What if you shoot 'em with Glasers and then use hardball to threaten the witnesses so they won't call an ambulance?
 
and almost a decade later, I found this thread incredibly informative.... and I can't say I didn't get a laugh out of its descent into humor... ;) you guys are too much...

just wanted to say thanks for sharing this information!!!
 
frangible slugs, etc.

If you look at the ballistic gelatin testing data in brassfetcher.com, it seems that the penetration of .38spcl and 9mm Glasers is uneven. It ranges from about 16" (good) to 7" (maybe not so good). In some cases the deepest penetration was from a fragment and in some instance from the case that did not totally penetrate. If you believe the FBI (?) they advocate that 12" is about the minimum penetration necessary from a handgun projectile. I don't know if frangibles are good cartridges or not - I have seen many GSW, but none with Glasers.

While some vital organs are close to the body surface from some angles, they are not so close from other angles, particularly if they must traverse the upper arm - thus the FBI insistence on 12" penetration.

Walt's comment is correct about MOST shotgun wounds seen in the ER. My ER time was in a large city, not a rural area, but the majority of shotgun wounds were with smaller shot from streetcorner altercations or drive-by shootings.
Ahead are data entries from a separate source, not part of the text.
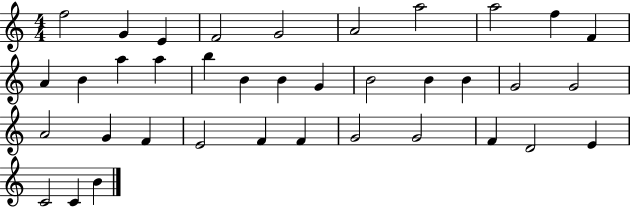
{
  \clef treble
  \numericTimeSignature
  \time 4/4
  \key c \major
  f''2 g'4 e'4 | f'2 g'2 | a'2 a''2 | a''2 f''4 f'4 | \break a'4 b'4 a''4 a''4 | b''4 b'4 b'4 g'4 | b'2 b'4 b'4 | g'2 g'2 | \break a'2 g'4 f'4 | e'2 f'4 f'4 | g'2 g'2 | f'4 d'2 e'4 | \break c'2 c'4 b'4 | \bar "|."
}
These rarely caused serious injuries unless they were at very short range. Buckshot, however, was an entirely different story. The Box O'Truth water testing of shotgun projectiles illustrates this well.

Walty is also correct about the absence of compelling scientific data about the so-called hydrostatic shock effect causing cardiovascular or neurologic incapacitation.
 
I am a member of the security ministry at my church and I load with Glazers as not to worry about over penetration inside of the sanctuary, if the unspeakable ever happened.